Crawled caption data:
▶
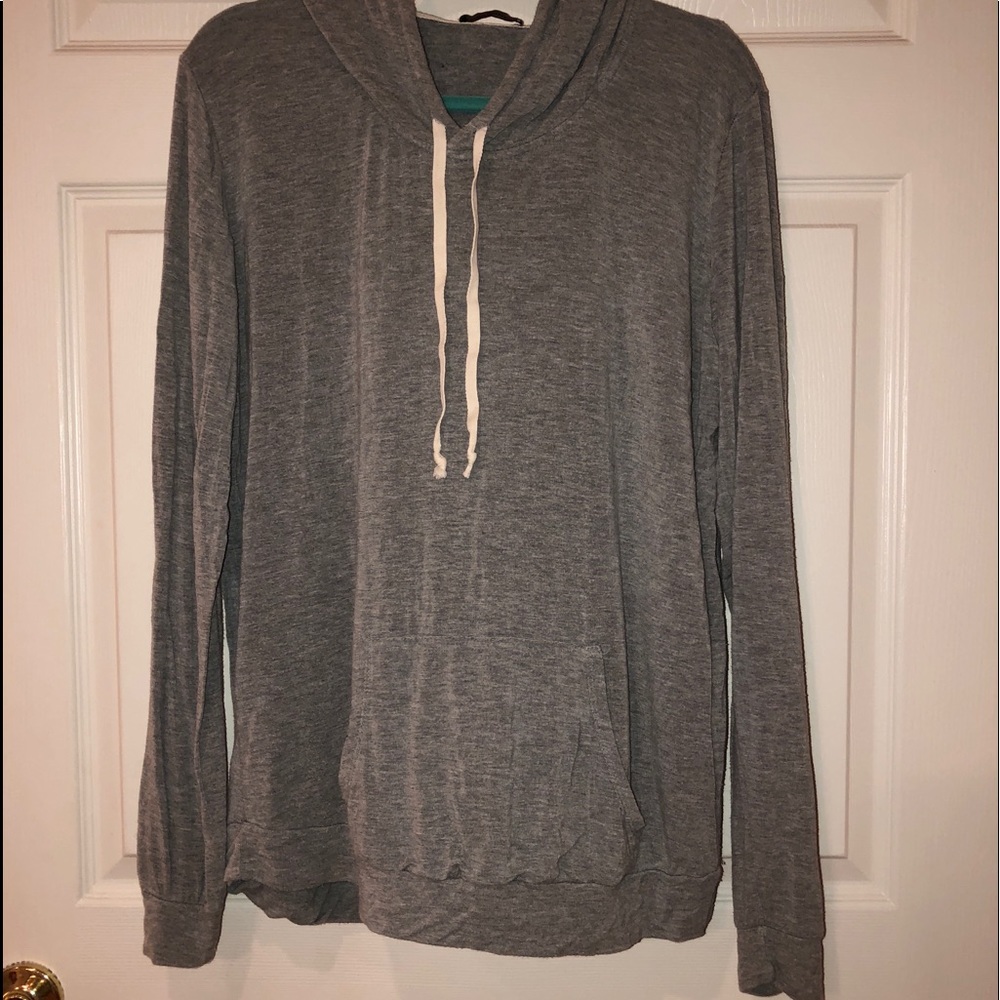 Brandy Melville pullover drawstring hoodie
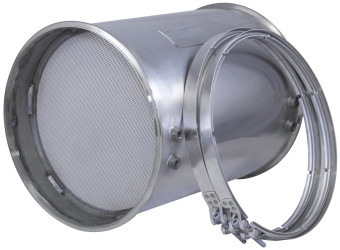Image of Diesel Particulate Filter from Sunair. Part number: DPF-7002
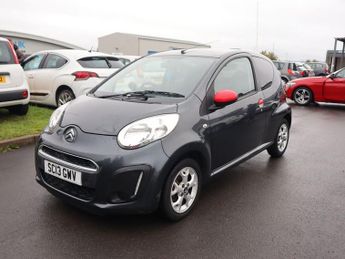 Citroen C1 1.0i Connexion Hatchback 3dr Petrol Manual Euro 5 (68 ps)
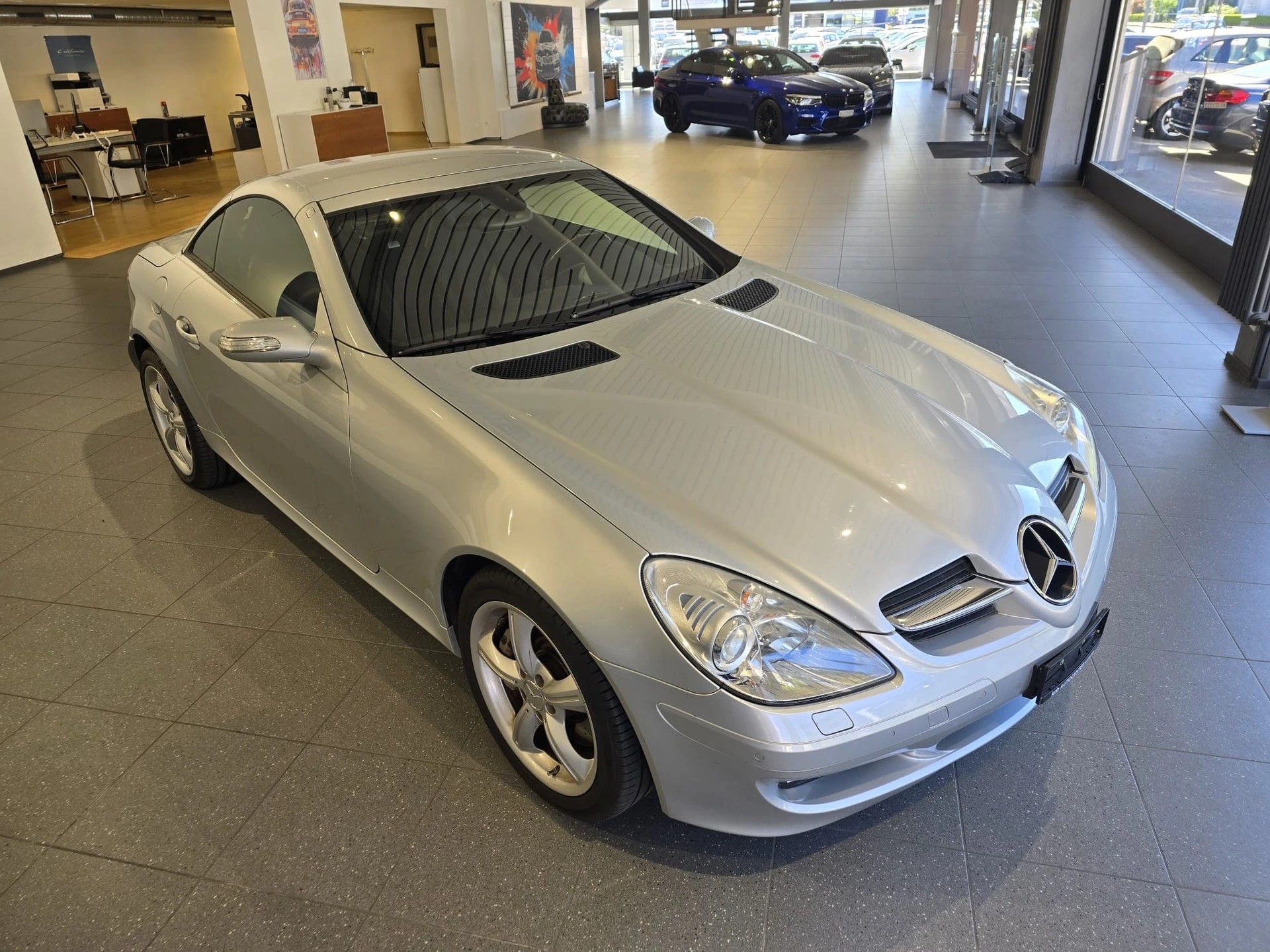 MERCEDES-BENZ SLK 350-image-2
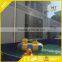 Powered bumper boat Battery Operated Inflatable Bumper Boat for adult or children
◀
EXERCISE OBJECTIVE: What is wanted is an exact copy of the lines from the line with "MERCEDES-BENZ SLK 350-image-2" through the end of the records, both ends included, pictures excluded.

RESPONSE TO THIS EXERCISE:
 MERCEDES-BENZ SLK 350-image-2
 Powered bumper boat Battery Operated Inflatable Bumper Boat for adult or children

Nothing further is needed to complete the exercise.